There are three fixes about vgic-its:
Patch 1: A data length check is added in vgic_its_save_*
Patch 2-3: Fix two bugs in the scenario of continuous save and restore

Kunkun Jiang (3):
  KVM: arm64: vgic-its: Add a data length check in vgic_its_save_*
  KVM: arm64: vgic-its: Clear dte when mapd unmaps a device
  KVM: arm64: vgic-its: Clear ite when discard frees an ite

 arch/arm64/kvm/vgic/vgic-its.c | 21 +++++++++++++++++++--
 1 file changed, 19 insertions(+), 2 deletions(-)

-- 
2.33.0

[PATCH 1/3] KVM: arm64: vgic-its: Add a data length check in vgic_its_save_*

[Kunkun Jiang]

In all the vgic_its_save_*() functinos, it does not check
whether the data length is larger than 8 bytes before
calling vgic_write_guest_lock. This patch add the check.

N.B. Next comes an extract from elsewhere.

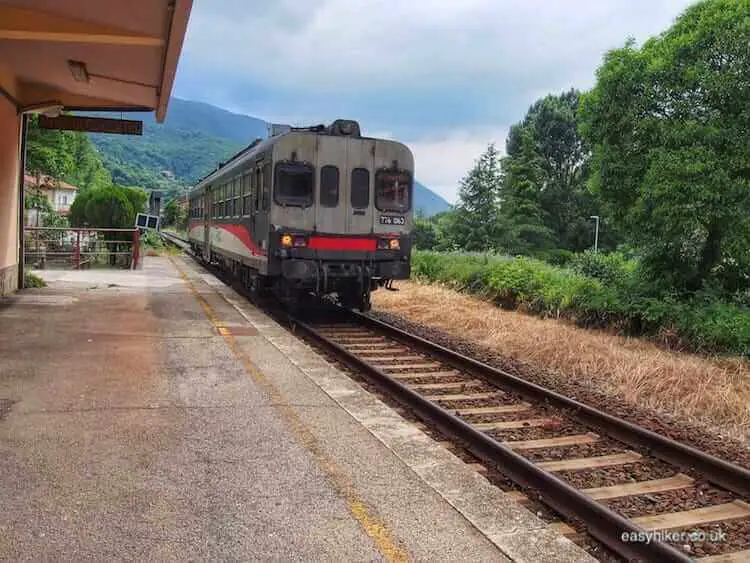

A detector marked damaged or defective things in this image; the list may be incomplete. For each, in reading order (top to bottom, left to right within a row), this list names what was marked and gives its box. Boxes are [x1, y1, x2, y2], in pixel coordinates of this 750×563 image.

Link: https://lore.kernel.org/kvmarm/86v82ckimh.wl-maz@kernel.org/
Signed-off-by: Kunkun Jiang <jiangkunkun@huawei.com>
---
 arch/arm64/kvm/vgic/vgic-its.c | 3 +++
 1 file changed, 3 insertions(+)

diff --git a/arch/arm64/kvm/vgic/vgic-its.c b/arch/arm64/kvm/vgic/vgic-its.c
index 40bb43f20bf3..060605fba3b6 100644
--- a/arch/arm64/kvm/vgic/vgic-its.c
+++ b/arch/arm64/kvm/vgic/vgic-its.c
@@ -2094,6 +2094,7 @@ static int vgic_its_save_ite(struct vgic_its *its, struct its_device *dev,
 	       ((u64)ite->irq->intid << KVM_ITS_ITE_PINTID_SHIFT) |
 		ite->collection->collection_id;
 	val = cpu_to_le64(val);
+	BUG_ON(ite_esz > sizeof(val));
 	return vgic_write_guest_lock(kvm, gpa, &val, ite_esz);
 }
 
@@ -2246,6 +2247,7 @@ static int vgic_its_save_dte(struct vgic_its *its, struct its_device *dev,
 	       (itt_addr_field << KVM_ITS_DTE_ITTADDR_SHIFT) |
 		(dev->num_eventid_bits - 1));
 	val = cpu_to_le64(val);
+	BUG_ON(dte_esz > sizeof(dte_esz));
 	return vgic_write_guest_lock(kvm, ptr, &val, dte_esz);
 }
 
@@ -2433,6 +2435,7 @@ static int vgic_its_save_cte(struct vgic_its *its,
 	       ((u64)collection->target_addr << KVM_ITS_CTE_RDBASE_SHIFT) |
 	       collection->collection_id);
 	val = cpu_to_le64(val);
+	BUG_ON(esz > sizeof(val));
 	return vgic_write_guest_lock(its->dev->kvm, gpa, &val, esz);
 }
 
-- 
2.33.0

Re: [PATCH 1/3] KVM: arm64: vgic-its: Add a data length check in vgic_its_save_*

[Oliver Upton]

Hi,

On Thu, Jun 20, 2024 at 09:06:48PM +0800, Kunkun Jiang wrote:
> In all the vgic_its_save_*() functinos, it does not check
> whether the data length is larger than 8 bytes before
> calling vgic_write_guest_lock. This patch add the check.
> 
> Link: https://lore.kernel.org/kvmarm/86v82ckimh.wl-maz@kernel.org/
> Signed-off-by: Kunkun Jiang <jiangkunkun@huawei.com>
> ---
>  arch/arm64/kvm/vgic/vgic-its.c | 3 +++
>  1 file changed, 3 insertions(+)
> 
> diff --git a/arch/arm64/kvm/vgic/vgic-its.c b/arch/arm64/kvm/vgic/vgic-its.c
> index 40bb43f20bf3..060605fba3b6 100644
> --- a/arch/arm64/kvm/vgic/vgic-its.c
> +++ b/arch/arm64/kvm/vgic/vgic-its.c
> @@ -2094,6 +2094,7 @@ static int vgic_its_save_ite(struct vgic_its *its, struct its_device *dev,
>  	       ((u64)ite->irq->intid << KVM_ITS_ITE_PINTID_SHIFT) |
>  		ite->collection->collection_id;
>  	val = cpu_to_le64(val);
> +	BUG_ON(ite_esz > sizeof(val));

Does it really make sense to blow up the kernel over this? (hint: no)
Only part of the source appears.